WHAT YOU HAVE TO DO. Restate word for word the lines in the listing below, starting at the line containing "617 N E St, Jacksonville, IL 62650 - photo 3" and ending at the line containing "征服丝路复杂路况！乘龙HK LNG牵引车成干线物流创富利器 - 第5张", both included; leave out the rest.

· · · · ·

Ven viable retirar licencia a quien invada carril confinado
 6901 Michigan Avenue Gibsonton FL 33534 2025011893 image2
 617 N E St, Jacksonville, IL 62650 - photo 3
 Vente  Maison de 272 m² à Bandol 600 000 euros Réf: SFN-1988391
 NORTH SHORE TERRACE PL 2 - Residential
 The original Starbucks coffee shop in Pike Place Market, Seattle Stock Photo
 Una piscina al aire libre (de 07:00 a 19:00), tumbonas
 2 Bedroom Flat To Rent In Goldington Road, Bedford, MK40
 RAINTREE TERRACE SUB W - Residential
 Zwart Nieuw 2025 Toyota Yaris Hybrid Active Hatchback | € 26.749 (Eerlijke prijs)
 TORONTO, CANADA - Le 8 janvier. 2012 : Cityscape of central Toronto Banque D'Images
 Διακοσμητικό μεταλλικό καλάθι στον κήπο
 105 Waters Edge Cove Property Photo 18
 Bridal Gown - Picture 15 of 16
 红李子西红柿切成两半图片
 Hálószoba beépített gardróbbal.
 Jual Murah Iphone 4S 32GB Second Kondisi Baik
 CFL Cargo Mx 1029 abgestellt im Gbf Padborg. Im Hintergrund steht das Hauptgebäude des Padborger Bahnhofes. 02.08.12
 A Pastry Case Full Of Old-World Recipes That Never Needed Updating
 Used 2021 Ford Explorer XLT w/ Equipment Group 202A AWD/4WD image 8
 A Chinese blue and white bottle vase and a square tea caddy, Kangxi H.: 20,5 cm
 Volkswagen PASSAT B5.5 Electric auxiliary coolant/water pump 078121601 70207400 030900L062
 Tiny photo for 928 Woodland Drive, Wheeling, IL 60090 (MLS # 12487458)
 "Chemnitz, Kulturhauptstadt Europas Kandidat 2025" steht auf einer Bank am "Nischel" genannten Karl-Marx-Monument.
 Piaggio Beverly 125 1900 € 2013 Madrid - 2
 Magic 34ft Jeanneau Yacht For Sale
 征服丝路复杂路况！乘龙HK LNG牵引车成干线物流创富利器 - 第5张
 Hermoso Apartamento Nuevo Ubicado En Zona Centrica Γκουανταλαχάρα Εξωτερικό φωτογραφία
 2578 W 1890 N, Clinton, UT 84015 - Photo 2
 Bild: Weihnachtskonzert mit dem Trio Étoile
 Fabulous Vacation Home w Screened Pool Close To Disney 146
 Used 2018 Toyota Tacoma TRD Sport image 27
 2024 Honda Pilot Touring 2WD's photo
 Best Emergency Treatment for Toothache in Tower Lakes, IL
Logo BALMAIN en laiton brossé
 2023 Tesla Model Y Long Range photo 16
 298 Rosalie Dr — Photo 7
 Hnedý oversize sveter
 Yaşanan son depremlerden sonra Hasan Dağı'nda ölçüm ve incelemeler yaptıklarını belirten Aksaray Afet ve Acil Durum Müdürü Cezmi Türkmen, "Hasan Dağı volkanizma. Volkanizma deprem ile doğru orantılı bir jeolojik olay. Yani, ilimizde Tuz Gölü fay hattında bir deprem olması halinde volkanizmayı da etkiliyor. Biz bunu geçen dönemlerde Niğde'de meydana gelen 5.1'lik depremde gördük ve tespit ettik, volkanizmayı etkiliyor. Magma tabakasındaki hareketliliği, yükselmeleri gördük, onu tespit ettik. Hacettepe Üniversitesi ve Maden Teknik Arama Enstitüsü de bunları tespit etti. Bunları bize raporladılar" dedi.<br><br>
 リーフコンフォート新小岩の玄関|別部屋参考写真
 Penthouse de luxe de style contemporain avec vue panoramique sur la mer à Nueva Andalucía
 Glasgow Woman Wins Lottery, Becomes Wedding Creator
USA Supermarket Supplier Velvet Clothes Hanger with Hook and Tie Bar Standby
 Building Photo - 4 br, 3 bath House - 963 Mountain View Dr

· · · · ·

FINAL ANSWER.
 617 N E St, Jacksonville, IL 62650 - photo 3
 Vente  Maison de 272 m² à Bandol 600 000 euros Réf: SFN-1988391
 NORTH SHORE TERRACE PL 2 - Residential
 The original Starbucks coffee shop in Pike Place Market, Seattle Stock Photo
 Una piscina al aire libre (de 07:00 a 19:00), tumbonas
 2 Bedroom Flat To Rent In Goldington Road, Bedford, MK40
 RAINTREE TERRACE SUB W - Residential
 Zwart Nieuw 2025 Toyota Yaris Hybrid Active Hatchback | € 26.749 (Eerlijke prijs)
 TORONTO, CANADA - Le 8 janvier. 2012 : Cityscape of central Toronto Banque D'Images
 Διακοσμητικό μεταλλικό καλάθι στον κήπο
 105 Waters Edge Cove Property Photo 18
 Bridal Gown - Picture 15 of 16
 红李子西红柿切成两半图片
 Hálószoba beépített gardróbbal.
 Jual Murah Iphone 4S 32GB Second Kondisi Baik
 CFL Cargo Mx 1029 abgestellt im Gbf Padborg. Im Hintergrund steht das Hauptgebäude des Padborger Bahnhofes. 02.08.12
 A Pastry Case Full Of Old-World Recipes That Never Needed Updating
 Used 2021 Ford Explorer XLT w/ Equipment Group 202A AWD/4WD image 8
 A Chinese blue and white bottle vase and a square tea caddy, Kangxi H.: 20,5 cm
 Volkswagen PASSAT B5.5 Electric auxiliary coolant/water pump 078121601 70207400 030900L062
 Tiny photo for 928 Woodland Drive, Wheeling, IL 60090 (MLS # 12487458)
 "Chemnitz, Kulturhauptstadt Europas Kandidat 2025" steht auf einer Bank am "Nischel" genannten Karl-Marx-Monument.
 Piaggio Beverly 125 1900 € 2013 Madrid - 2
 Magic 34ft Jeanneau Yacht For Sale
 征服丝路复杂路况！乘龙HK LNG牵引车成干线物流创富利器 - 第5张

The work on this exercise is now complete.